Dizideki tren, 1001 vagondan oluşuyor ve dünyanın etrafını yılda 2,7 kez turlayarak yolcularını ölümcül soğuktan koruyor. Ancak trenin içi, sınıfsal ayrımcılık ve sosyal adaletsizlikle kaynıyor.

sdefrgt
Fotoğraf: TNT / AMC

Başrollerde Jennifer Connelly ve Daveed Diggs'in yer aldığı Snowpiercer, 4 sezon boyunca hem hayatta kalma savaşını hem de sınıf mücadelesini gözler önüne seriyor. Dizinin karla kaplı, umutsuz atmosferi ve gizemli olay örgüsü, Sonsuzluk Yolcusu'na epey benziyor.
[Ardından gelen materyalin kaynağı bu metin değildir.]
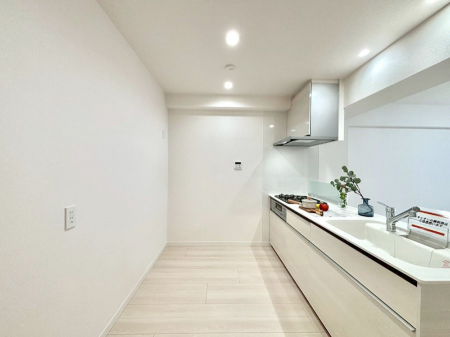 �L�b�`���@��Ƃ肠��L�b�`���X�y�[�X�ł�������H��̌�Еt�����X���[�Y�ɁI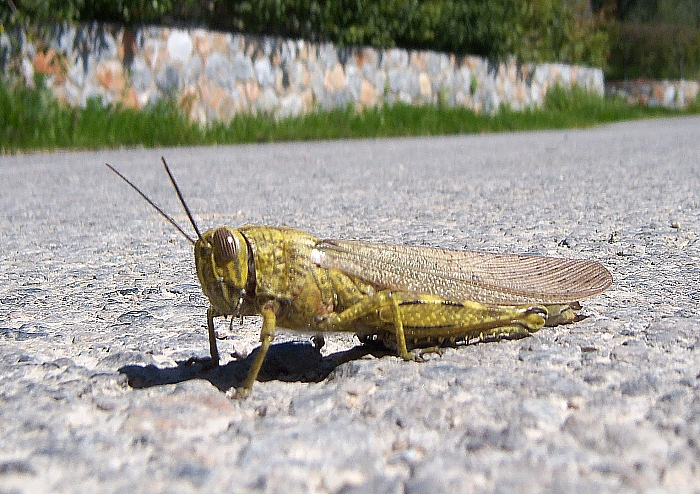100_2160 small grasshopper.jpg - 357140 Bytes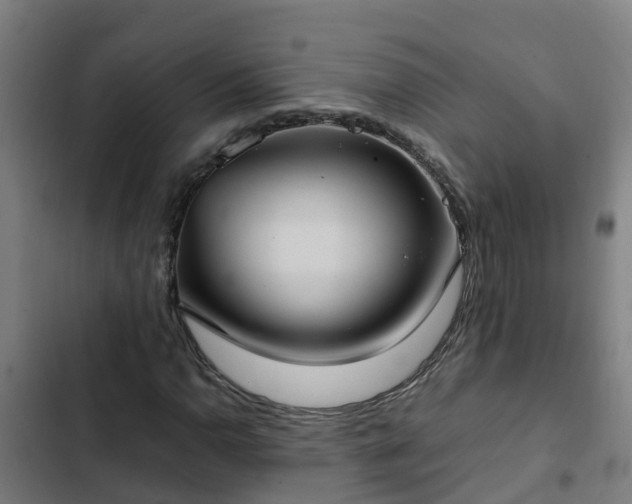 X0000103141110200808291332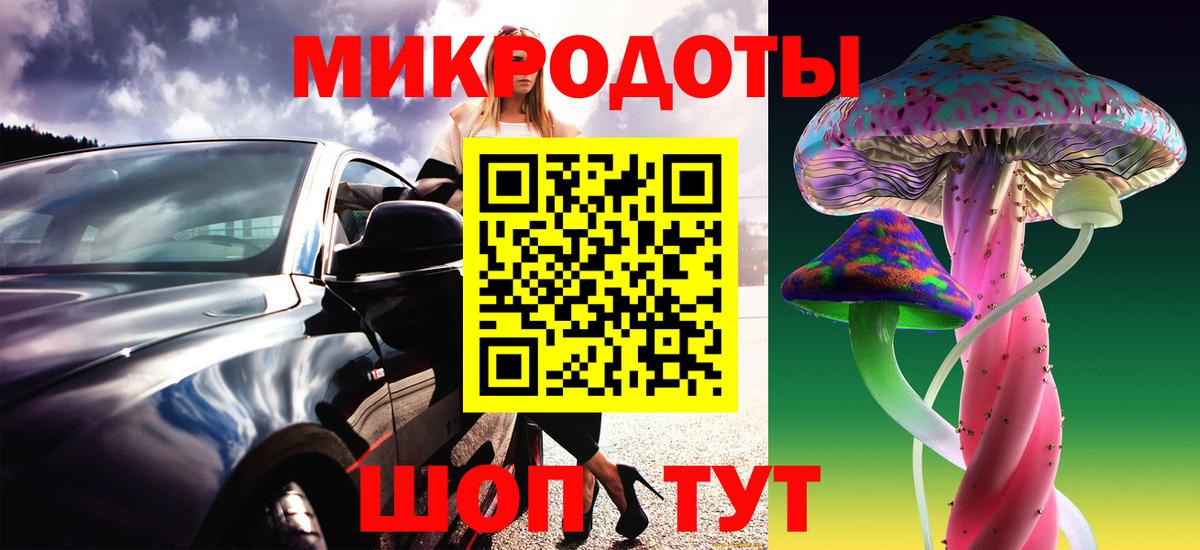 Псилоцибиновые грибы мицелий Сафоново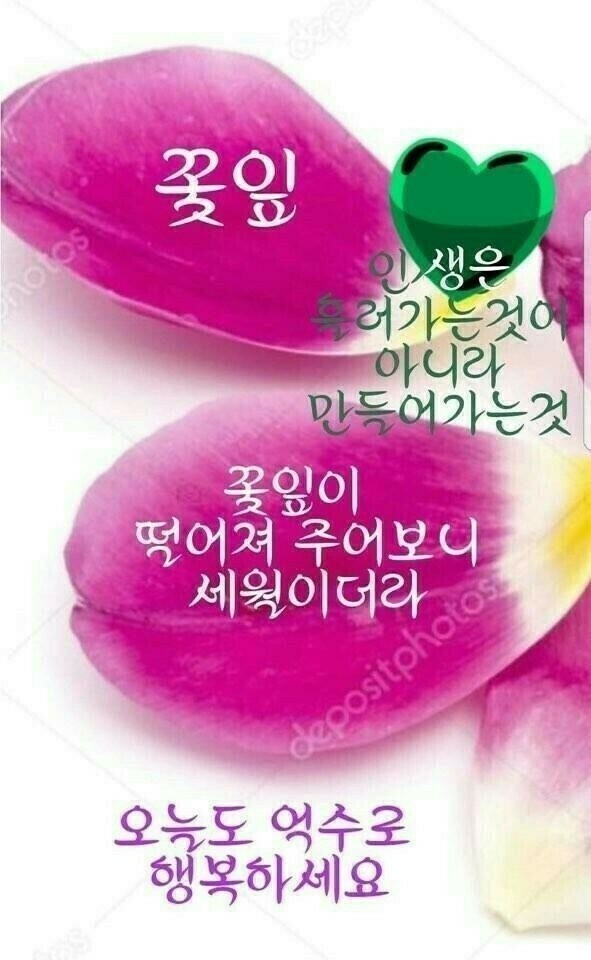 MORO 라이브 이미지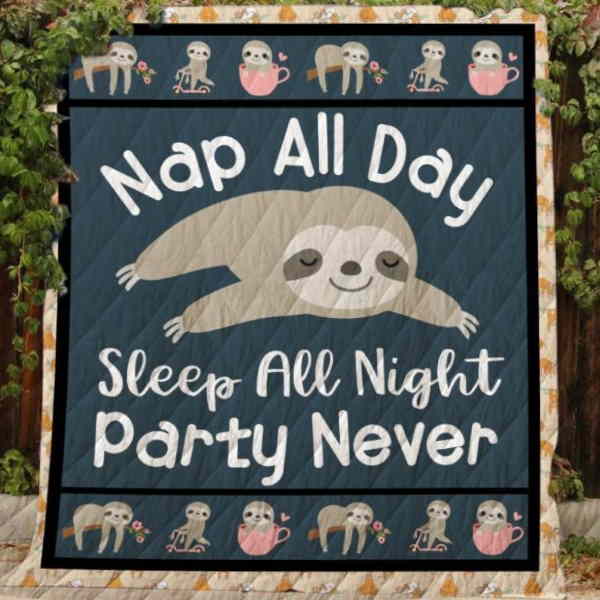 Nap All Day Sleep All Night 3D Quilt Blanket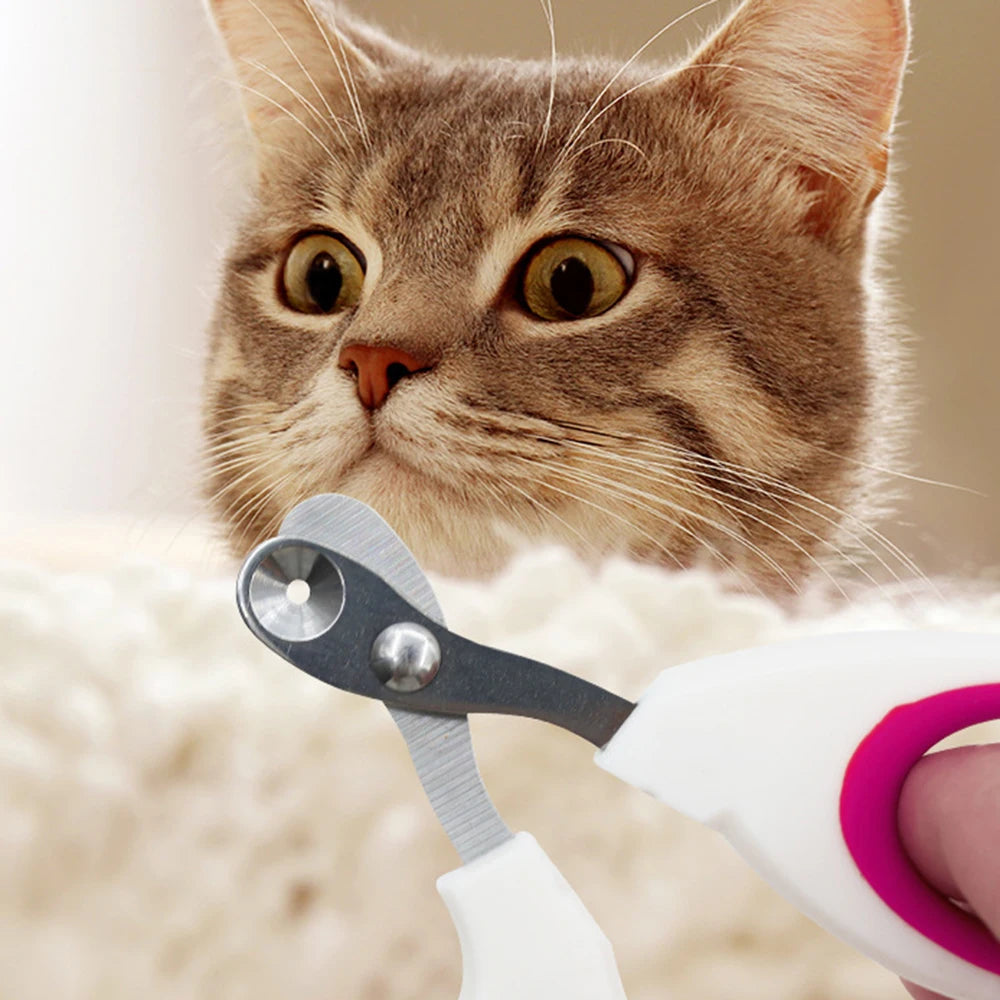 Small Blind Cat Nail Clippers Small Blind Cat Nail Clippers Special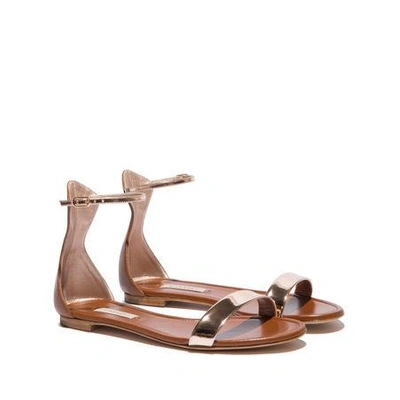 Shop Casadei Daytime In Cuoio And Tan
Andre Layton karakteri, liderlik vasfı ve direniş ruhuyla Juan Salvo'yu andırıyor. Sadece dışarıdaki ölümcül soğuk değil, trenin içindeki insan doğası da en az hava kadar tehlikeli.

Dizi, Parazit'le (Gisaengchung) 2020 Oscar gecesinde tarih yazan Bong Joon-ho'nun, 2013 tarihli filminden ve Fransız çizgi romanı Le Transperceneige'den uyarlanmış. Politik alegorisi ve sınıf çatışmalarıyla bilimkurgu severler için etkileyici bir alternatif.

Kısacası, karlar altında distopik hayatta kalma macerasıyla Snowpiercer, Sonsuzluk Yolcusu'nu beğenenlerin memnun kalacağı yapımlardan biri.